You can find the story here in The New Yorker magazine.
First line: "We-my family, I mean-were in bumper-to-bumper traffic on our way to my mother-in-law's house for Sunday lunch when our phones flashed red and the Alert sounded overhead for the second time that day.
Last Line: "Unless the poor thing had only fallen asleep, chased forever through a dog dream."
I had not read anything by Thomas Pierce before reading "This Is an Alert", but I am looking forward to finding more of his work.
This is the story of a woman having Sunday dinner with her husband, her daughter, her mother-n-law, her husband's twin brother, and her niece.
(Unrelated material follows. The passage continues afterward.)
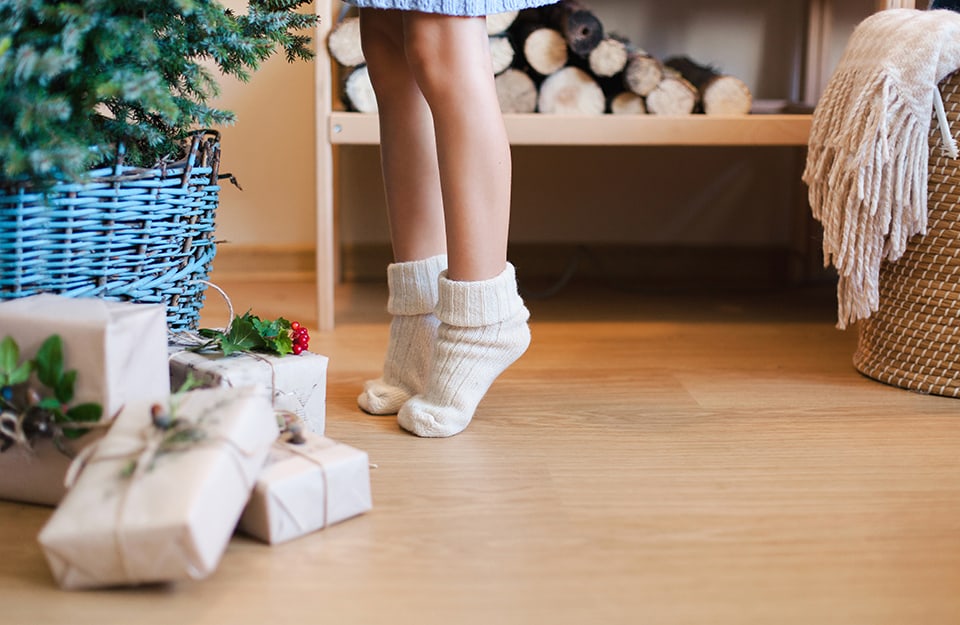 Una bambina in calzini di cui si vedono solo le gambe sta in punta dei piedi davanti accanto a un albero di Natale con sotto dei pacchi. Sullo sfondo c'è della legna per camino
It is a routine event, punctuated by irritating Alerts - it is time for people to put on their gas masks and seek shelter.
There is a war being fought in the skies above them, one they cannot see. They must trust the Alerts to warn them - to keep them from harm. But at the same time, there are the similar "wars", undercurrents within the family that cannot be seen. Their feelings "alert" them to the drones that fly through their own inner airspace.
I was drawn in and led through, an observer, completely accepting of the normal and everyday details of their lives. This story could take place tomorrow or maybe it even happened yesterday.
Chekhov would be pleased. This story merely "records" the problems of the characters yet poses no solution.
There are unanswered questions when the story ends, but I was wholly satisfied with this well-told tale.